At the end of it all do we just do things for ourselves? I don’t mean this in a rude way but I believe that selfishness is judged on how many people we help BEFORE helping/pleasing ourselves - at the end of it all, we still gain some sort of reward from performing a certain act and if we didn’t get that reward, we wouldn’t perform the act. I dont believe society is all to blame for making us this way, I believe it may just be human nature.

I know it’s a bit confusing but I hope you understand what I’m getting at here...

what's your opinion?

2007-02-19 23:06:30 · 106 answers · asked by Mistress_T 3 in Arts & Humanities Philosophy

Wow great answers. Just want to clarify, maybe selfish is a strong word to use as it has too many negative associations....maybe 'elightened self interest' as one member has pointed out.

I dont mean a reward in the physical sense, the feeling we get when someone thanks us for a favour we have done or just that 'feeling' is a sort of reward in itself.
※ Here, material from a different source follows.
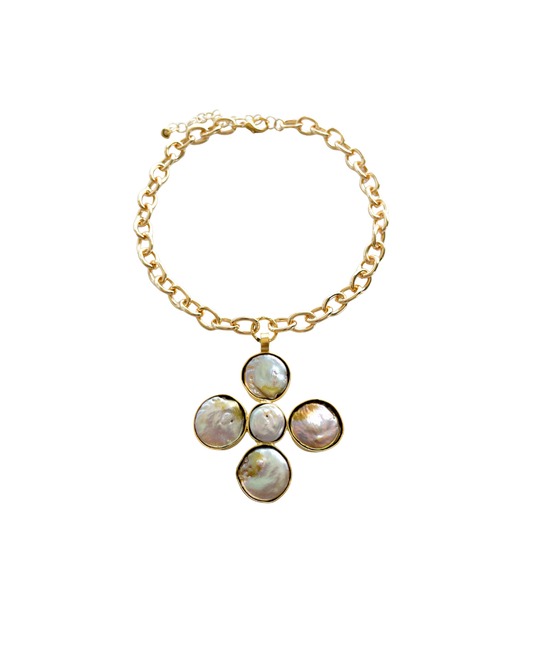 COLLAR CORTO CON CRUZ DE PERLAS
For all those who disagree, valid points, thank you! Caesar's Wife, I see your point also.

2007-02-20 02:28:32 · update #1

Feeling good because you've helped others in whichever way is definately not a bad thing, after all do we not live to maximise our pleasures? Whether this be through helping others as well as ourselves.

Thanks for all the answers, I read every one! I've also learnt a few things as well.

2007-02-20 21:05:44 · update #2

106 answers

Would even asking class as Self-Gratification ?
But of course you are right, was only musing over this last night. It being my birthday I figured it would be nice to give something rather than receive, only to finally figure after feeling particularly proud of myself, that the act in itself could easilly be seen as satisfying myself.
I guess the flip-side to all actions is a nagging sense of self.

2007-02-19 23:09:01 · answer #1 · answered by brianthesnailuk2002 6 · 3 1

A mothers love is totally unconditional and she does not want to feel satisfaction about the love she gives.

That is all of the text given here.